Harvey Irwin Shapiro, an accomplished author who suggested that Martin Luther King Jr. pen his famous “Letter from a Birmingham Jail,” died Monday in Manhattan from complications caused by a recent surgery.
Throughout a body of work which includes more than a dozen poetic anthologies, Shapiro poignantly conveyed the ways that he was influenced by his urban upbringing in New York and the 35 missions he flew over Germany and Austria as a radio gunner during WWII.
Born to an observant family from Kiev, he also frequently depicted the world through a Jewish lens. In “The Talker,” for example, he retells a midrashic legend to show broader truths about the world.

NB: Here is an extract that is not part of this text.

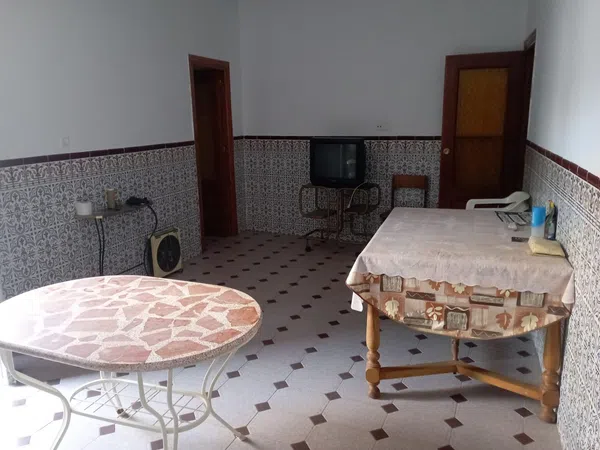 Casa de pueblo en Calle Hernán Cortés, 5 - Foto 4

While all the choiring angels cried:
Creation’s crown is set awry!
God fabled man before he was,
And boasting of his enterprise
Bade angels say the simple names
That mark in place each bird and beast.
But they were dumb, as He Foretold—
When man stepped from the shuddering dust,
And lightly tossed the syllables,
And said his own name, quick as dirt.
Then angels crept into their spheres,
And dirt, and bird, and beast were his.
The poet refers to a pasuk in Bereishit that reads, “And let them have dominion over the fish of the sea and over the birds of the sky and over the animals and over the land and over every creeping thing that creeps upon the earth,” but he also seems to expound on the meaning of the pasuk in the elegiac tone of a philosopher who decries the way that man himself can only be responsible for the destruction of mankind.

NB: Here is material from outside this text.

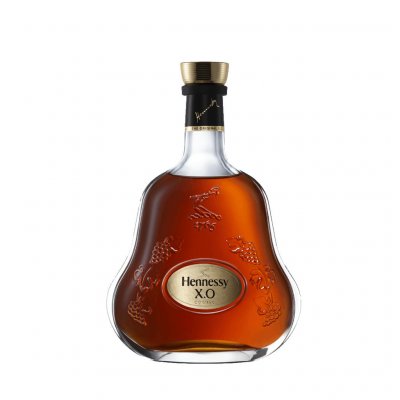 Hennessy XO 40% 0,7 l (holá láhev) – Zboží Dáma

Shapiro possessed a religious spirit that forever tried to make sense of the world through words that he hoped would touch others. He also praised the poets who placed an emphasis on sincerity and made sure that his own writing was similarly genuine. As he writes in “Through the Borough,”
And the music
From car radios is so effortless.
And so I strive to join my music
To that music. So that
The air will carry my voice down
The block, across the bridge,
Through the boroughs where people I love
Can hear my voice, saying to them
Through the music that their lives
Are speaking to them now, as mine to me.